ColabFold 1.5.5 (local db version)

Webpage

https://github.com/sokrypton/ColabFold

Brief installation procedure

Ref: https://github.com/sokrypton/ColabFold/wiki/Running-ColabFold-in-Docker
We have installed databases and conda environment for ColabFold 1.5.5. Docker/apptainer(singularity) was not used in this procedure; don't run local MSA server, use only local DB for MSA.

Python environment

$ sh Miniforge3-Linux-x86_64.sh
$ cd /apl/colabfold/1.5.5
$ ./bin/conda shell.bash hook > conda_init.sh
$ ./bin/conda shell.tcsh hook > conda_init.csh
$ . /apl/colabfold/1.5.5/conda_init.sh
$ conda install cudatoolkit=11.8.0
$ CONDA_OVERRIDE_CUDA=11.8.0 conda install -c conda-forge -c bioconda colabfold=1.5.5=* jaxlib=*=*cuda* libabseil libgrpc python mmseqs2 vmtouch

Get databases

  • We followed the procedure described in setup_databases.sh in ColabFold 1.5.5 manually
    • We use mmseqs version specfied in MsaServer/setup-and-start-local.sh in this step.
    • Index generation (createindex) was skipped.
    • Databases are available in /apl/colabfold/1.5.5/MsaServer/databases.
    • AlphaFold2 parameters are downloaded in /apl/colabfold/1.5.5/MsaServer/params.
    • we don't use msa-server.

Scatter large files among OSTs (this step is specific to lustre file system).

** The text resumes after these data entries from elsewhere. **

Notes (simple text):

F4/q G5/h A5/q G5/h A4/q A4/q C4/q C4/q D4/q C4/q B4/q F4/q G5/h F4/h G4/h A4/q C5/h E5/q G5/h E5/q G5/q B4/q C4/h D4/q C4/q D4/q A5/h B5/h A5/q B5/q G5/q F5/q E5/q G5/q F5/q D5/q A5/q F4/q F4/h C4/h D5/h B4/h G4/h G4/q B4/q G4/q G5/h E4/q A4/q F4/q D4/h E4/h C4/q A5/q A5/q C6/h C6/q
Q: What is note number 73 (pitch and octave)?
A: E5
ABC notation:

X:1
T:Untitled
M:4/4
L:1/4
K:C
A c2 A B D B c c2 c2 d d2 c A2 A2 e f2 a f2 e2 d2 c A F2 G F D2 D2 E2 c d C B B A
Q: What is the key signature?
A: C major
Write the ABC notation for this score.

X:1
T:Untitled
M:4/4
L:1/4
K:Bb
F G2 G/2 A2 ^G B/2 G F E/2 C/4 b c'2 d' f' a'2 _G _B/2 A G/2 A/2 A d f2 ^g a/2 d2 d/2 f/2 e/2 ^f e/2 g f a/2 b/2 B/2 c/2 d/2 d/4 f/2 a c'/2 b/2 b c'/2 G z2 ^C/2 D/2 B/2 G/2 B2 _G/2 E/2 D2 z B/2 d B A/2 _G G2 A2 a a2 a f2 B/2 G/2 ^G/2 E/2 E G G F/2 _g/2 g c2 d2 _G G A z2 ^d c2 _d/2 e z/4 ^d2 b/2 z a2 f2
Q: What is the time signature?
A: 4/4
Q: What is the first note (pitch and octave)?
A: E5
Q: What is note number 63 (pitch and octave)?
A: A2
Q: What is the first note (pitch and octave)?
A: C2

$ lfs migrate -c 2 colabfold_envdb_202108_db_h.index # 17GB
$ lfs migrate -c 2 colabfold_envdb_202108_db_seq.index # 18GB
$ lfs migrate -c 2 pdb100_foldseek_230517.tar.gz # 18GB
$ lfs migrate -c 3 colabfold_envdb_202108_db_h # 24GB
$ lfs migrate -c 3 colabfold_envdb_202108_db # 25GB
$ lfs migrate -c 3 colabfold_envdb_202108_db_aln # 27GB
$ lfs migrate -c 3 uniref30_2302_aln.tsv # 29GB
$ lfs migrate -c 3 colabfold_envdb_202108_h.tsv # 30GB
$ lfs migrate -c 4 colabfold_envdb_202108.tsv # 38GB
$ lfs migrate -c 5 uniref30_2302_db_h # 41GB
$ lfs migrate -c 5 uniref30_2302_h.tsv # 44GB
$ lfs migrate -c 5 colabfold_envdb_202108_aln.tsv # 52GB
$ lfs migrate -c 6 pdb100_a3m.ffdata # 60GB
$ lfs migrate -c 8 uniref30_2302_db_seq # 78GB
$ lfs migrate -c 10 colabfold_envdb_202108_db_seq # 87GB
$ lfs migrate -c 10 uniref30_2302.tar.gz # 96GB
$ lfs migrate -c 11 colabfold_envdb_202108.tar.gz # 110GB
$ lfs migrate -c 12 uniref30_2302_seq.tsv # 128GB
$ lfs migrate -c 12 colabfold_envdb_202108_seq.tsv # 128GB

Sample job script for PBS

#!/bin/sh
#PBS -l select=1:ncpus=128:mpiprocs=1:ompthreads=128
#PBS -l walltime=24:00:00

if [ ! -z "${PBS_O_WORKDIR}" ]; then
 cd "${PBS_O_WORKDIR}"
fi

# input data and intermediate/work dirs
NUM_RELAX=1                # number of structures to be relaxed after inference
INPUTFASTA=./monomer.fasta # input sequence
MSADIR=./msas              # intermediate msa directory
OUTPUTDIR=./output         # output of colabfold_batch
MMSEQS_NUM_THREADS=$OMP_NUM_THREADS # number of threads; exporting this may work

# common params
COLABFOLDROOT=/apl/colabfold/1.5.5
. ${COLABFOLDROOT}/conda_init.sh

# search options
MMSEQS=${COLABFOLDROOT}/bin/mmseqs
DBDIR=${COLABFOLDROOT}/MsaServer/databases
colabfold_search --mmseqs ${MMSEQS} \
                --threads ${MMSEQS_NUM_THREADS} \
   ${INPUTFASTA} ${DBDIR} ${MSADIR}

# run prediction
AF2WEIGHTS=${COLABFOLDROOT}/MsaServer # af2 weight
colabfold_batch \
   --num-relax ${NUM_RELAX} \
   --data ${AF2WEIGHTS} \
   ${MSADIR} ${OUTPUTDIR}

Notes

  • When msa-server is launched on computation node, the prediction by colabfold_batch does not finish correctly. (There are some errors about templates.)
    • We decided not to use msa-servers. (It may be difficult to get some performance improvement by msa-server. It is difficult to load the data onto memory beforehand on RCCS system.)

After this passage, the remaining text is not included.